▶ _Work order_:
Write out the lines of the material below exactly, beginning at the line with "Next is ring" and stopping after the line with "Once you tap on it, you'll", and leave out the pictures.

▶ _Data for this exercise_:
━━━━━━━━━━━━━━━━━━━━
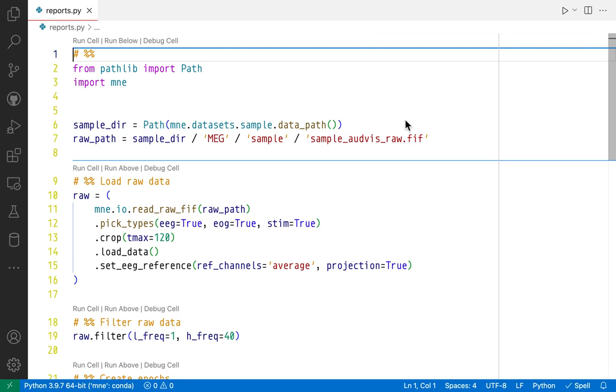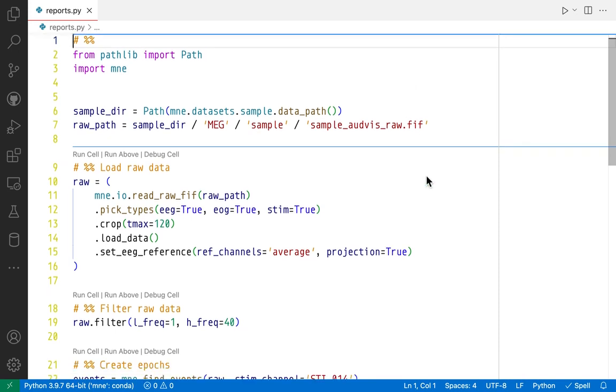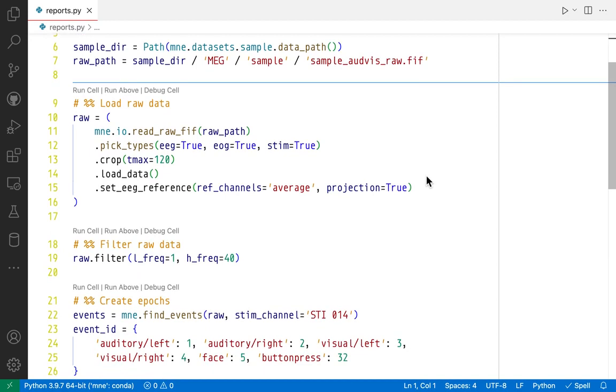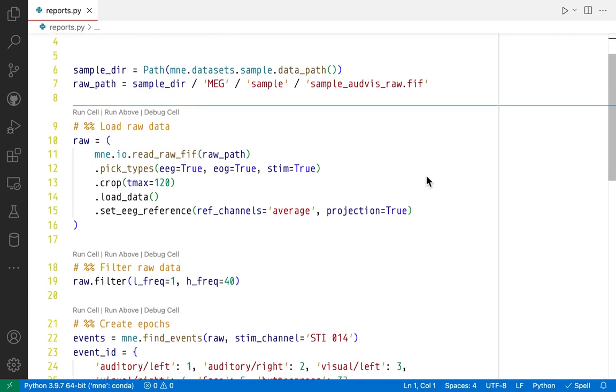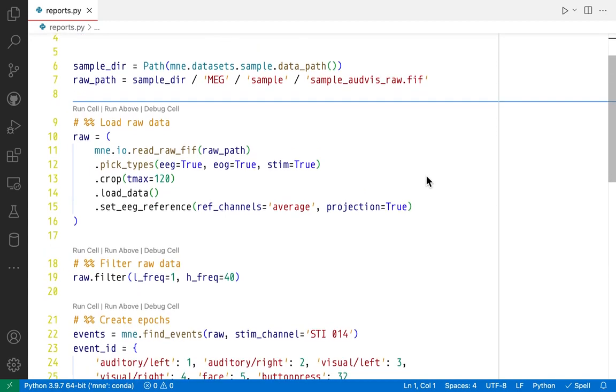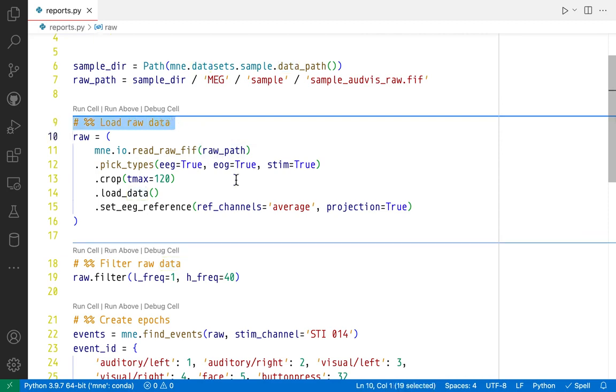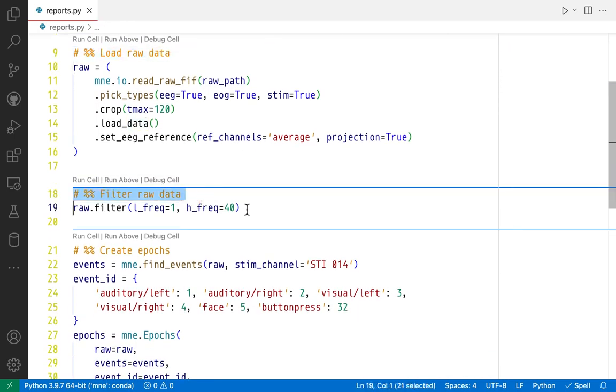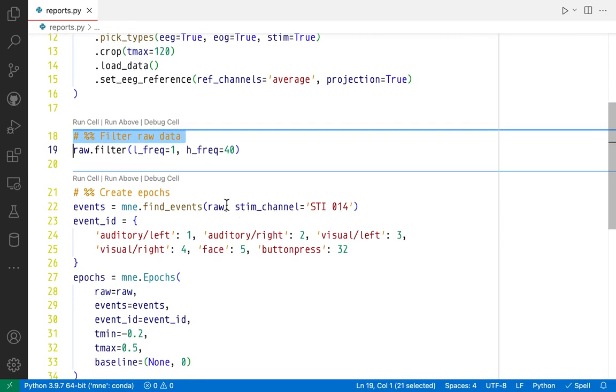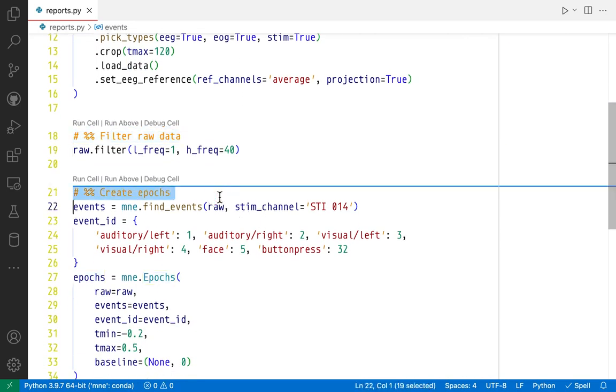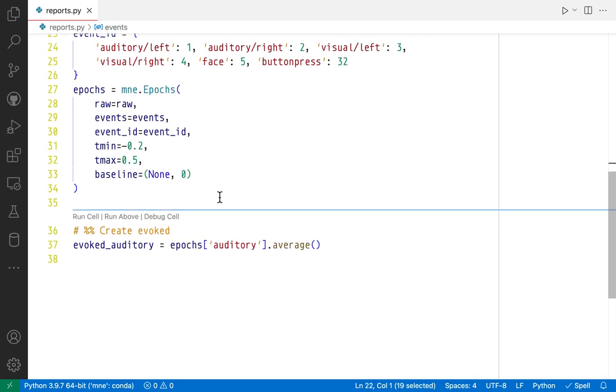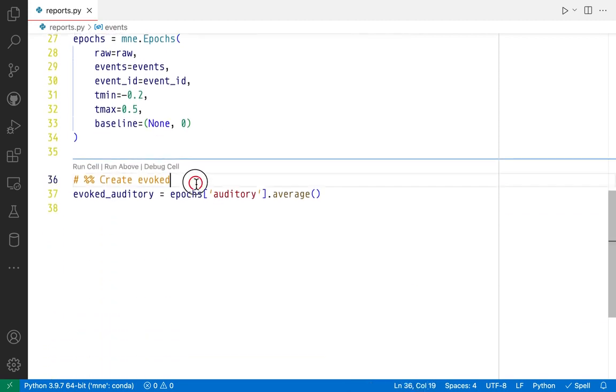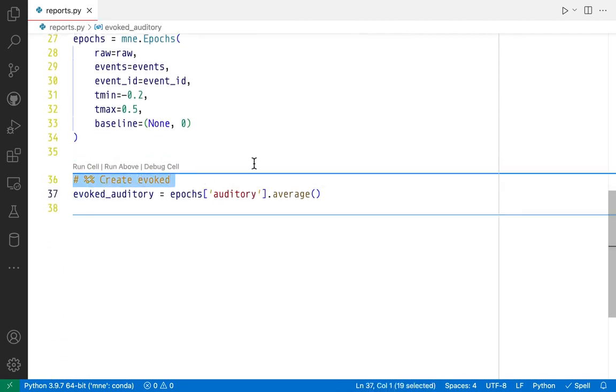I've prepared here a very simple script that performs some crude processing on the MNE sample dataset. It first loads the raw data, then filters it, creates epochs, and lastly creates an evoked object based on the epochs.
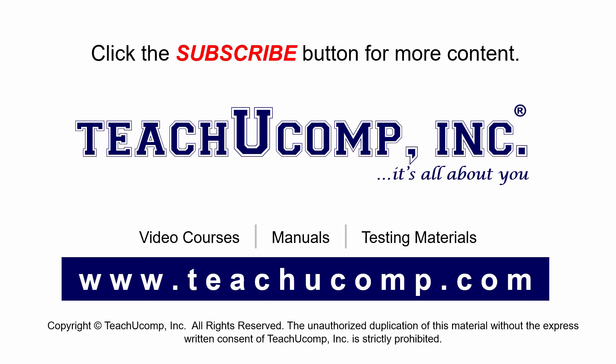Remember to click the Subscribe button to see more of our videos. Get ad free courses at teachucomp.com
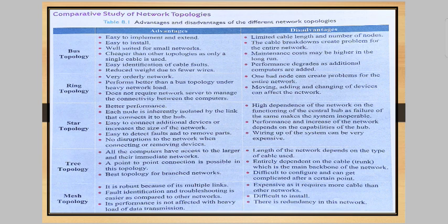Next is ring topology. It is a very orderly network. Performance is better than bus topology under heavy network load. It does not require a network server to manage the connectivity between two computers. Disadvantage: one bad node can create problems for the entire network.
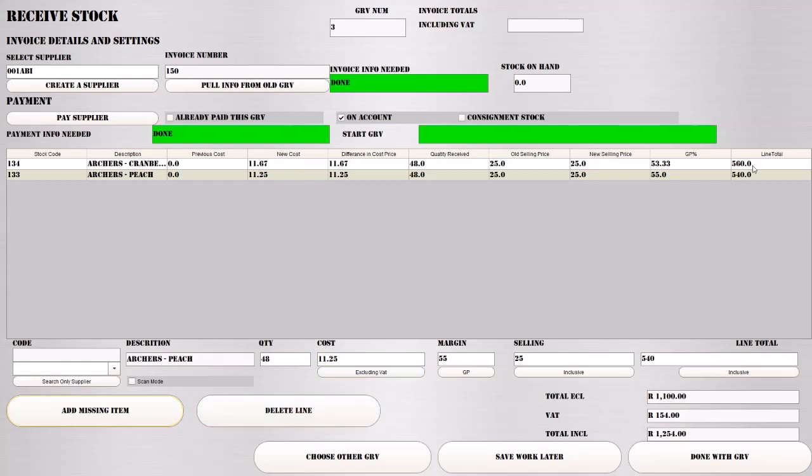We're happy with this. Everything's matching. If we're 100% happy, everything's matching, we can hit Done. This will automatically update your stock quantities, update your selling prices if you changed the selling price, and process all the other information on the specific GRV.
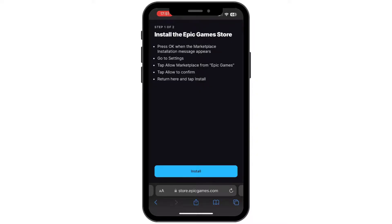Once you tap on it, you'll have to return to your home screen and then open your Settings. Once you open it, tap on 'Allow Marketplace from Epic Games', and once you tap on it you'll have to tap 'Allow' to confirm. Then simply close your Settings application and return to your browser again.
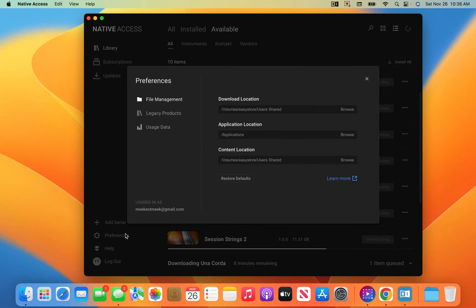I'm going to go to Preferences, and here is where you route all of your Native Access libraries — your content, your complete output libraries — to your external hard drive. As you can see, my download location is going to my external, my application location is of course on my computer, and my content location is also going to this same folder.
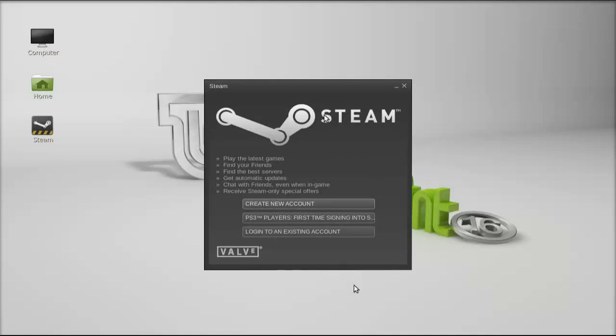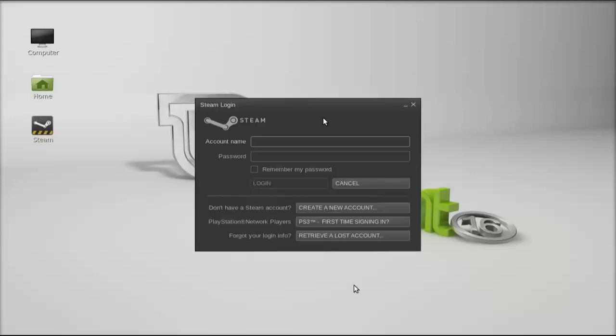This is Steam running on my Linux Mint 16 system and I'm going to log into an existing account. You can also create your new account here. Let me click on here to log in to an existing account. Let me type the account name and password.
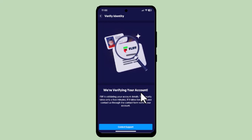All you have to do is go to the verification process page and upload the required images. To get there, log in and go to your profile. Once you click the profile icon, you'll find an option called Verify — tap on it. You'll then be instructed on how to complete it. Make sure to submit your documents clearly and take a clear picture.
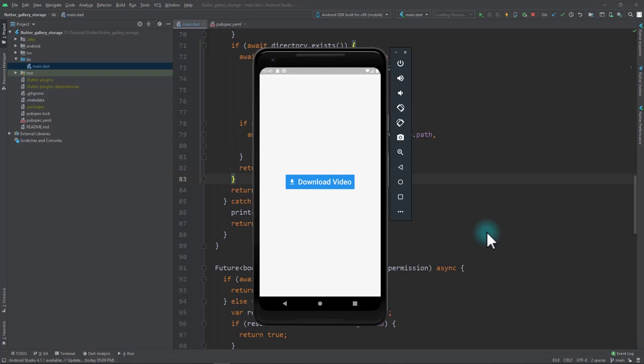Hey hello friends and welcome to a new Flutter tutorial on Retro Portal Studio. In this video we're going to be taking a look at downloading files to an application-specific folder on an Android device and to the Photos application on an iOS device.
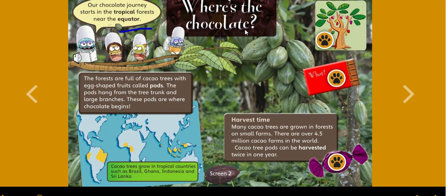Our chocolate journey starts in the tropical forests near the equator. The forests are full of cacao trees with egg-shaped fruits called pods. The pods hang from the tree trunk and large branches — these pods are where chocolate begins. Cacao trees grow in tropical countries such as Brazil, Ghana, Indonesia, and Sri Lanka.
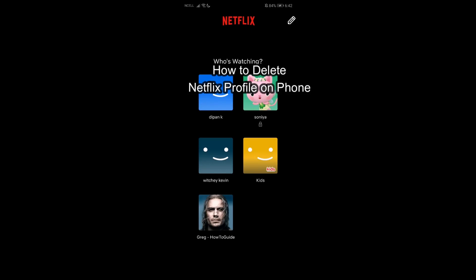Hey guys, welcome back to our channel Tech Tube. Today in this video I'm going to show you how you can delete a Netflix profile on your phone. I'll be teaching you a very easy step regarding this, and if you have any problem or any inquiries within the process, just let me know in the comment section right away.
━━━━━━━━━━━━━━━━━━━━
▶ _Response area_:
Next is ring topology. It is a very orderly network. Performance is better than bus topology under heavy network load. It does not require a network server to manage the connectivity between two computers. Disadvantage: one bad node can create problems for the entire network.
We're happy with this. Everything's matching. If we're 100% happy, everything's matching, we can hit Done. This will automatically update your stock quantities, update your selling prices if you changed the selling price, and process all the other information on the specific GRV.
Once you tap on it, you'll have to return to your home screen and then open your Settings. Once you open it, tap on 'Allow Marketplace from Epic Games', and once you tap on it you'll have to tap 'Allow' to confirm. Then simply close your Settings application and return to your browser again.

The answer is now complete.